The entries are to be reproduced word for word, with all images left out.

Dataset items
'''

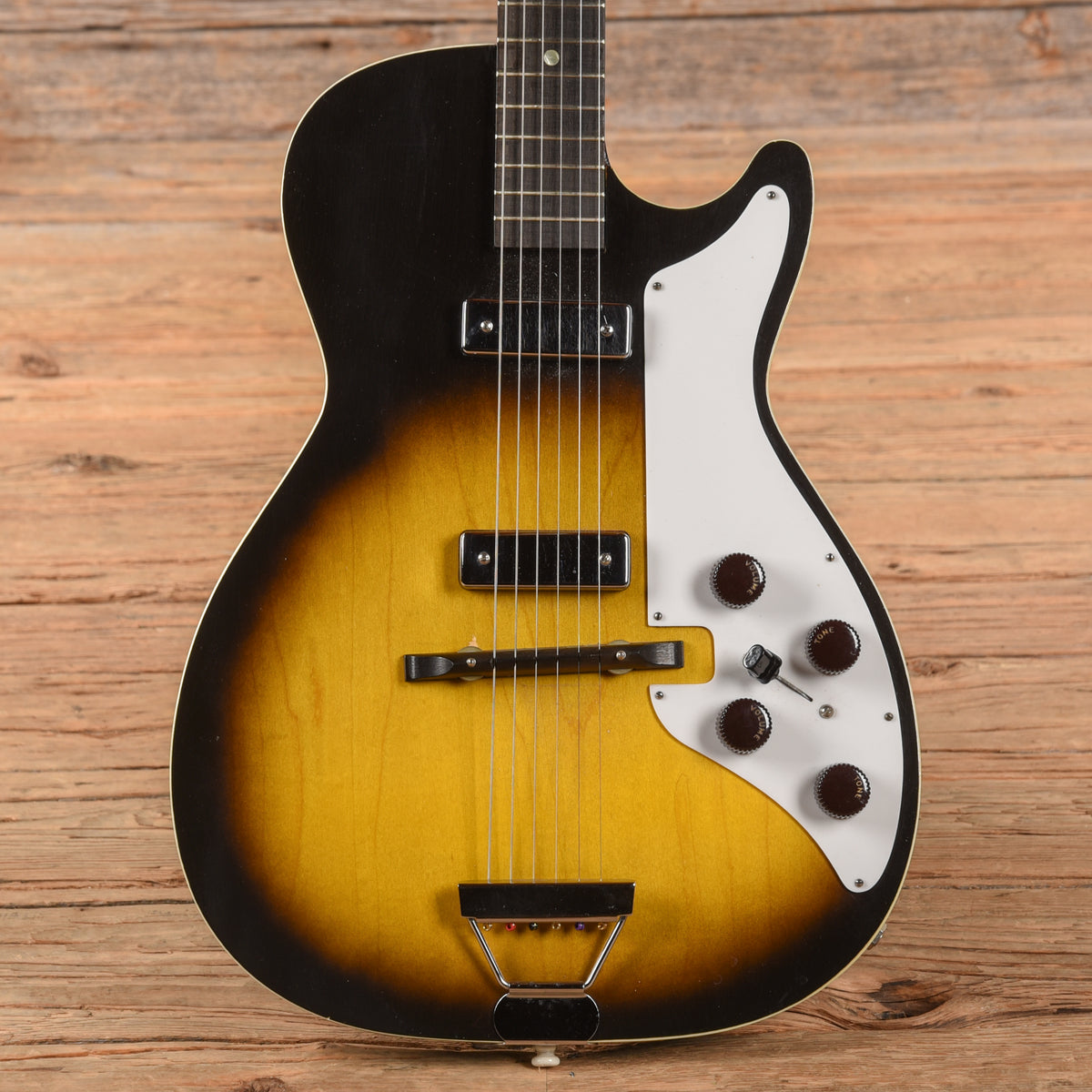 Silvertone 1420 Black 1960 Electric Guitars / Solid Body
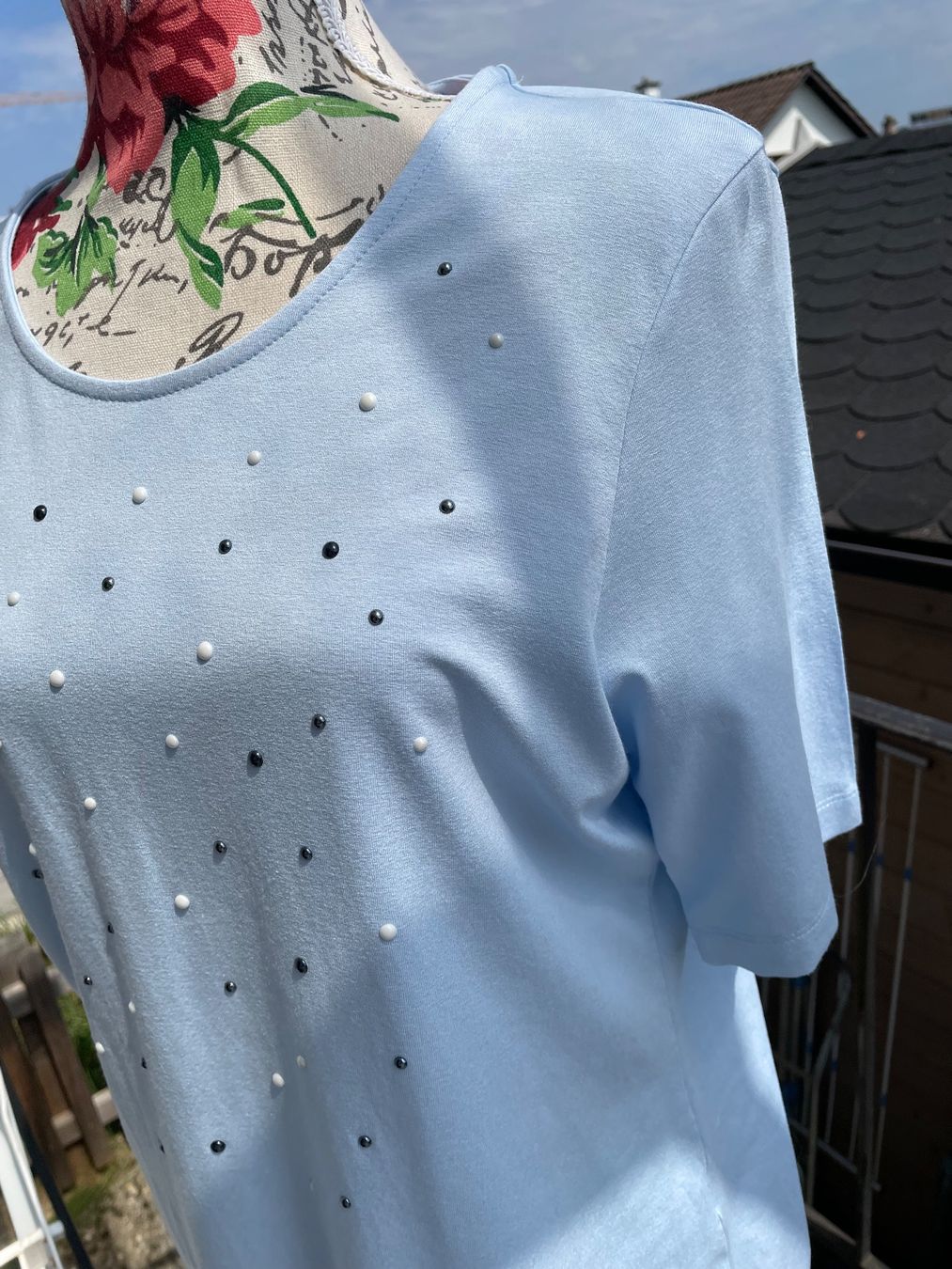 Rabe T-shirt: Schönes Viscose Shirt RABE 40 – Usato da Zürich venduto da Pamuk04 1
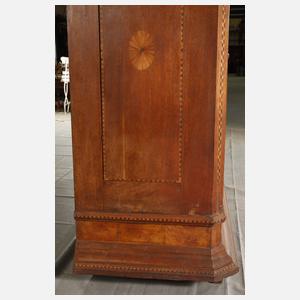 Großer Dielenschrank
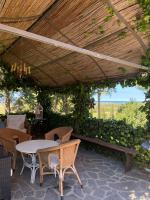 A balcony or terrace at B&B Villa il Poggetto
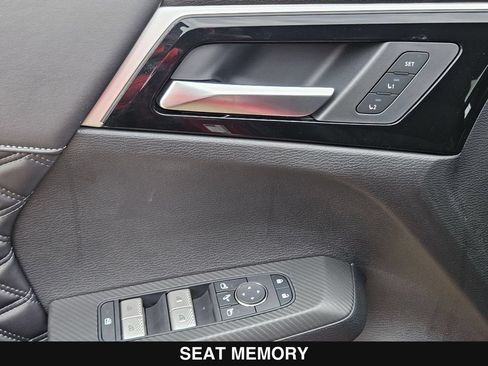 New 2026 Nissan Rogue Platinum AWD/4WD image 15
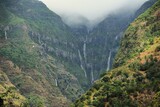 Fototapeta  - Wodospady w dolinie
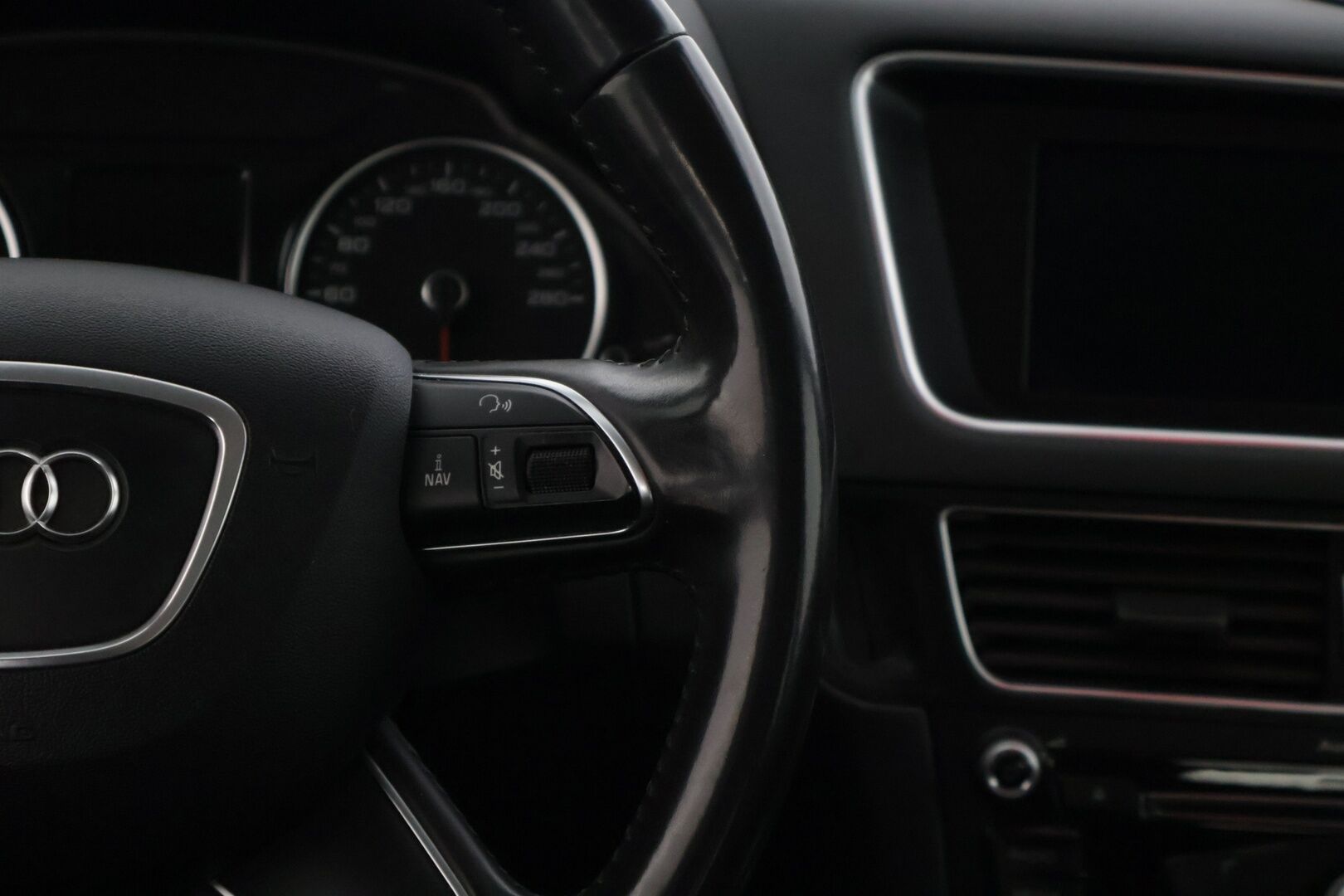 Audi Q5 2013 Business 2,0 TDI 130 kW quattro S tronic * Webasto / Adapt. vakkari / Kaistavahti / P.tutkat / Koukku / Sportpenkit * - * Suomiauto / Kattavasti huollettu yksilö! / 2x renkaat / Kaistavahti / Sähkökontti *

'''

- Task result:
 Silvertone 1420 Black 1960 Electric Guitars / Solid Body
 Rabe T-shirt: Schönes Viscose Shirt RABE 40 – Usato da Zürich venduto da Pamuk04 1
 Großer Dielenschrank
 A balcony or terrace at B&B Villa il Poggetto
 New 2026 Nissan Rogue Platinum AWD/4WD image 15
 Fototapeta  - Wodospady w dolinie
 Audi Q5 2013 Business 2,0 TDI 130 kW quattro S tronic * Webasto / Adapt. vakkari / Kaistavahti / P.tutkat / Koukku / Sportpenkit * - * Suomiauto / Kattavasti huollettu yksilö! / 2x renkaat / Kaistavahti / Sähkökontti *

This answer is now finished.